◆ What the task requires ◆
Below are records with pictures; copy word for word only the lines between the line with "بهترین انتخاب برای اجاره اتومبیل" and the line with "VERDEN Natural Hand", inclusive, and drop the pictures.

Top of Data provided

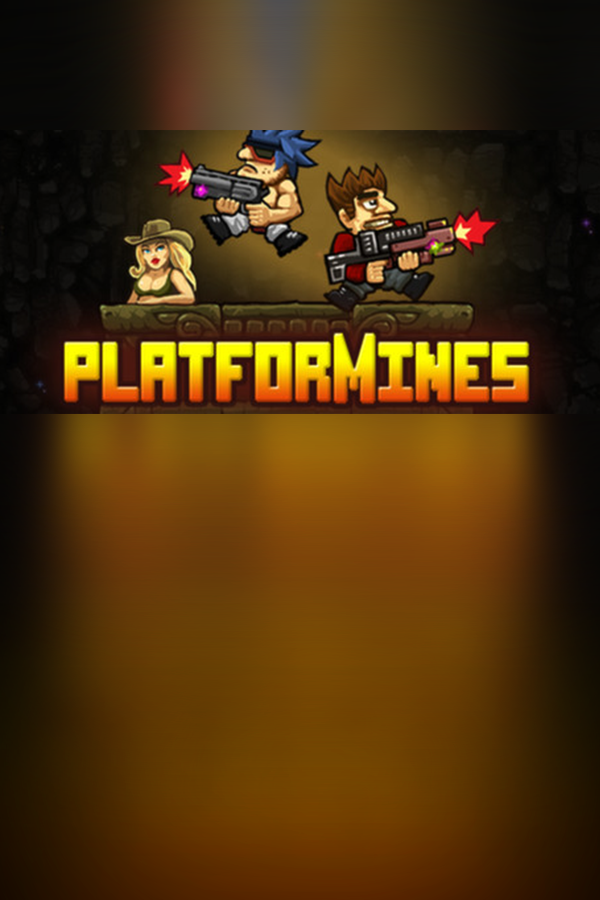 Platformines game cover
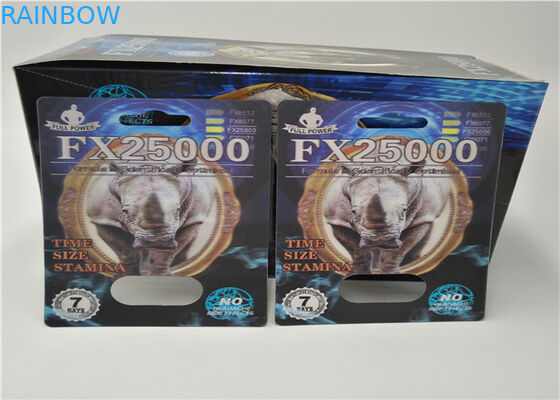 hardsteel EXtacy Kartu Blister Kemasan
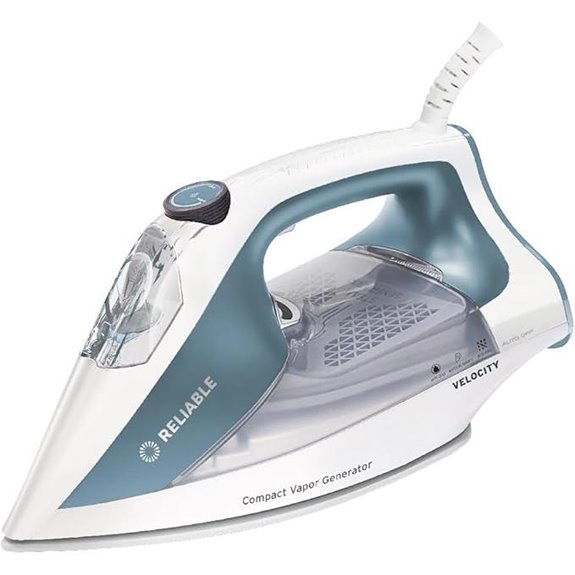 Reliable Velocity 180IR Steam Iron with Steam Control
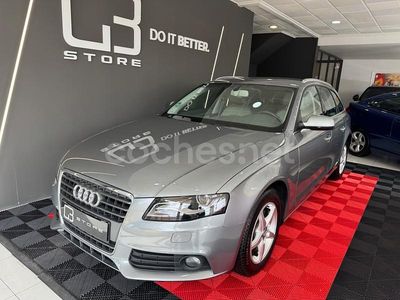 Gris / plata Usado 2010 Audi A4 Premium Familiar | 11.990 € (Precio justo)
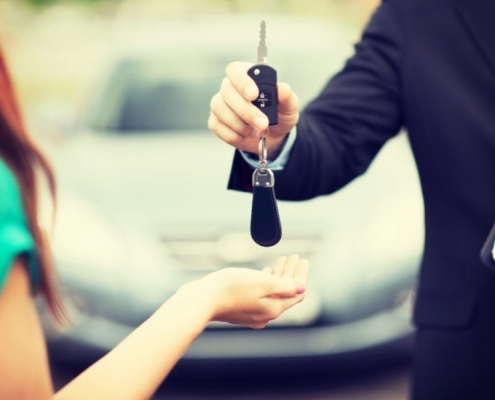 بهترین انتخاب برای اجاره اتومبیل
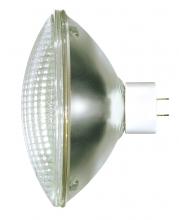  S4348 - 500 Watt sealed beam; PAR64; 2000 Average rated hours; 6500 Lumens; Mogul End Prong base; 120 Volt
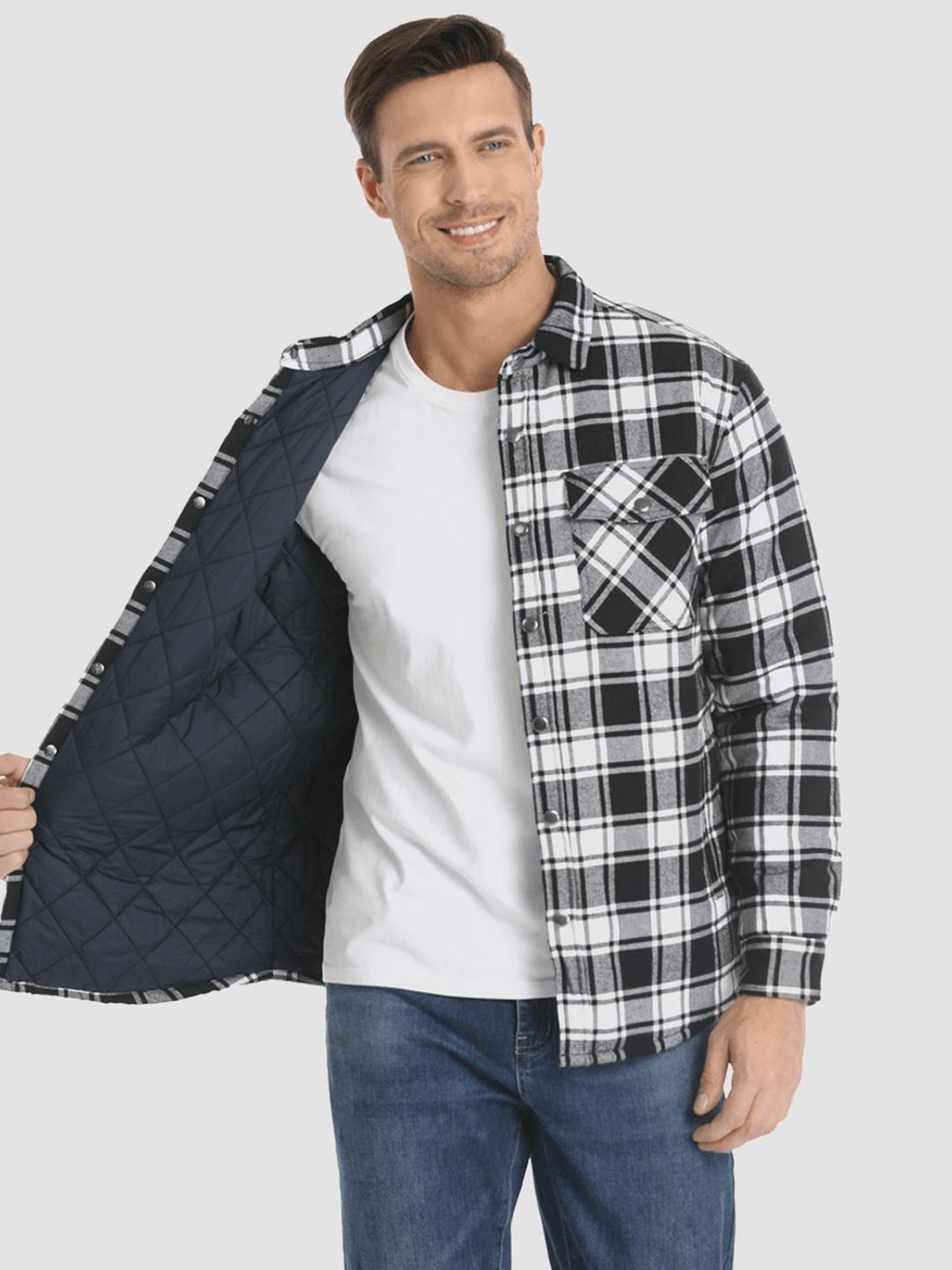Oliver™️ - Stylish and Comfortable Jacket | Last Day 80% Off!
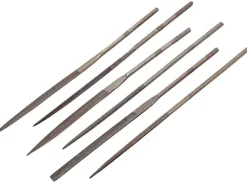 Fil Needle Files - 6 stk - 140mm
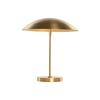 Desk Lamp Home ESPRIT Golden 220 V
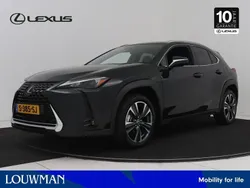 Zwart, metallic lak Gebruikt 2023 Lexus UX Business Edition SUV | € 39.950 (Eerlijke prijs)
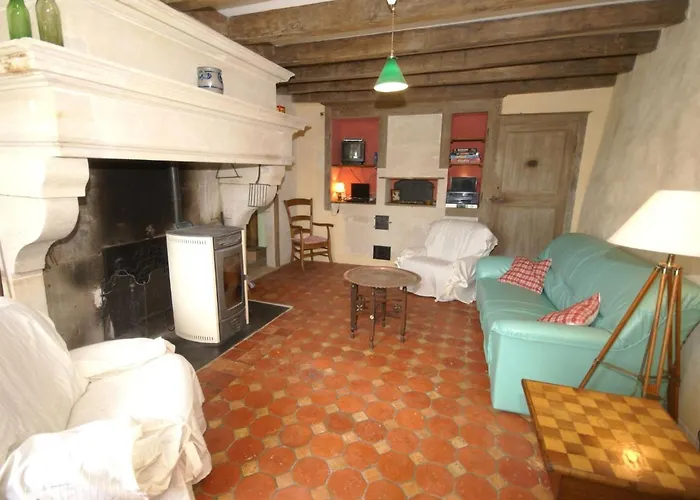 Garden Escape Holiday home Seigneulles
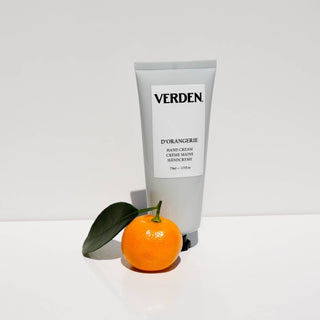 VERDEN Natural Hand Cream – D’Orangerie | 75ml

Bottom of Data provided
Top of Data provided

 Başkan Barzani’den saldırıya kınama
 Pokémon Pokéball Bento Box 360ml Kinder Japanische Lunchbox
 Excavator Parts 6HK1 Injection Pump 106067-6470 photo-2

Bottom of Data provided

◆ Finished task ◆
 بهترین انتخاب برای اجاره اتومبیل
  S4348 - 500 Watt sealed beam; PAR64; 2000 Average rated hours; 6500 Lumens; Mogul End Prong base; 120 Volt
Oliver™️ - Stylish and Comfortable Jacket | Last Day 80% Off!
 Fil Needle Files - 6 stk - 140mm
 Desk Lamp Home ESPRIT Golden 220 V
 Zwart, metallic lak Gebruikt 2023 Lexus UX Business Edition SUV | € 39.950 (Eerlijke prijs)
 Garden Escape Holiday home Seigneulles
 VERDEN Natural Hand Cream – D’Orangerie | 75ml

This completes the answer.